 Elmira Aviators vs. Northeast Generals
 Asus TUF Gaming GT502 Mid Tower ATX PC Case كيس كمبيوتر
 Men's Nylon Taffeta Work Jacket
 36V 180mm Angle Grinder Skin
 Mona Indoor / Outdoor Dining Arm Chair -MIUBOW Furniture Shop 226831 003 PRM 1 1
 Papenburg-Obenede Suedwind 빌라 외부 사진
• • • •
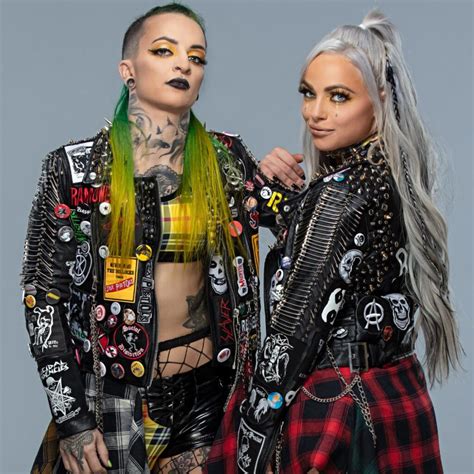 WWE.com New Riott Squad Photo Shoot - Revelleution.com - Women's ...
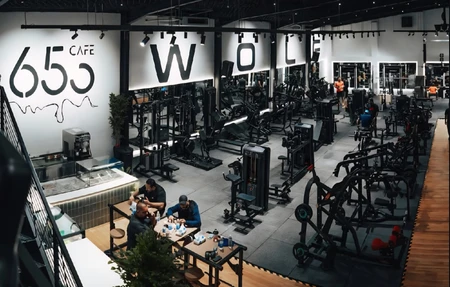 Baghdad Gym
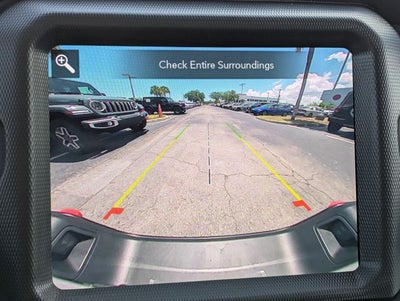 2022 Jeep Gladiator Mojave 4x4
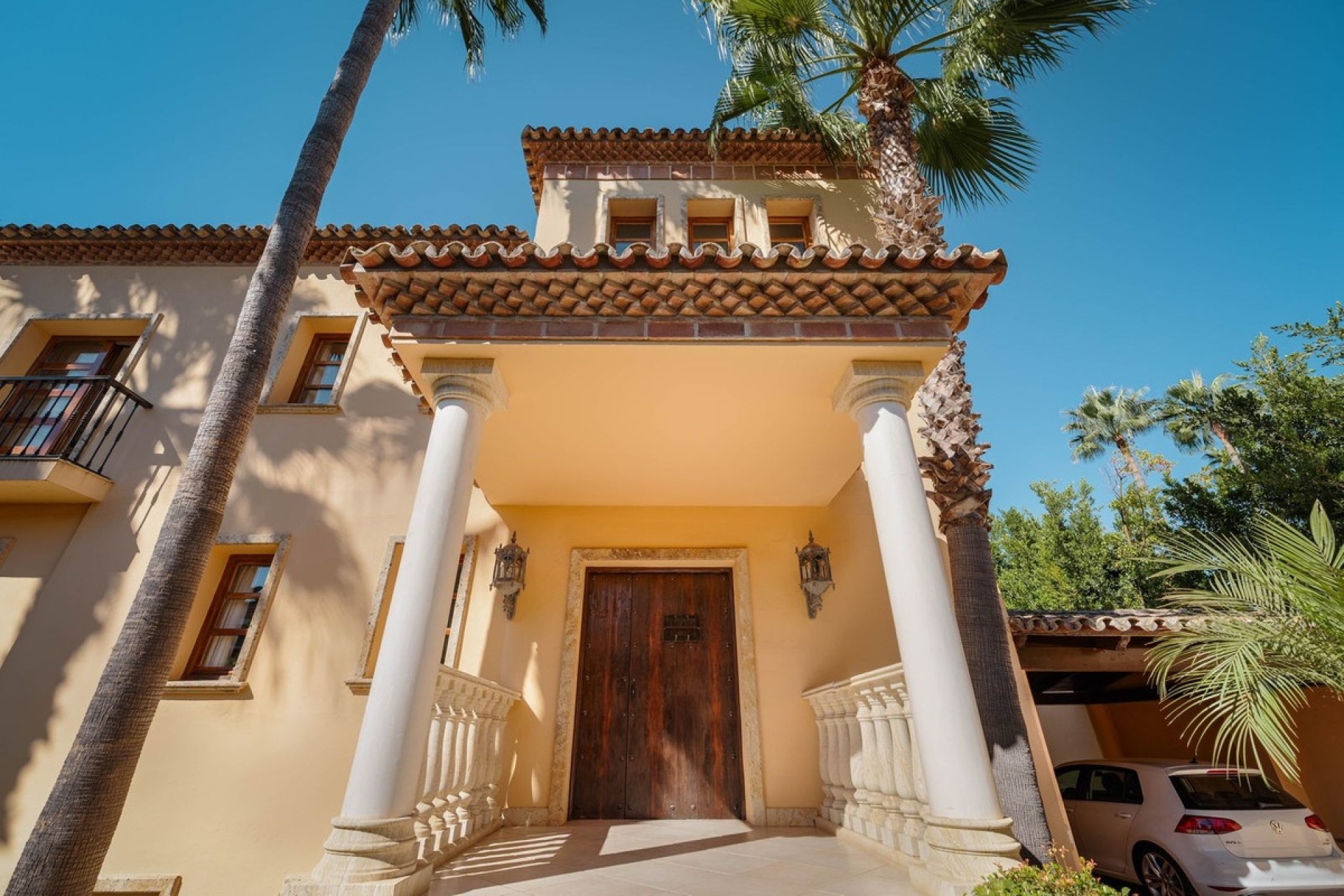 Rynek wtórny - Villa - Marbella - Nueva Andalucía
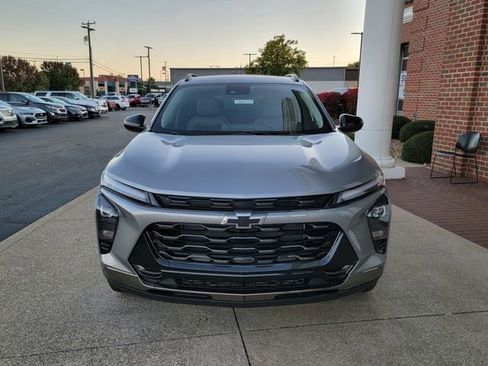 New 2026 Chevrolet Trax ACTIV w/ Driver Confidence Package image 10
• • • •
*Task instructions*. Would you print exactly, and only, the lines of the data above from the line with "36V 180mm Angle Grinder Skin" through the line with "Papenburg-Obenede Suedwind 빌라 외부 사진", inclusive?

*Written solution*.
 36V 180mm Angle Grinder Skin
 Mona Indoor / Outdoor Dining Arm Chair -MIUBOW Furniture Shop 226831 003 PRM 1 1
 Papenburg-Obenede Suedwind 빌라 외부 사진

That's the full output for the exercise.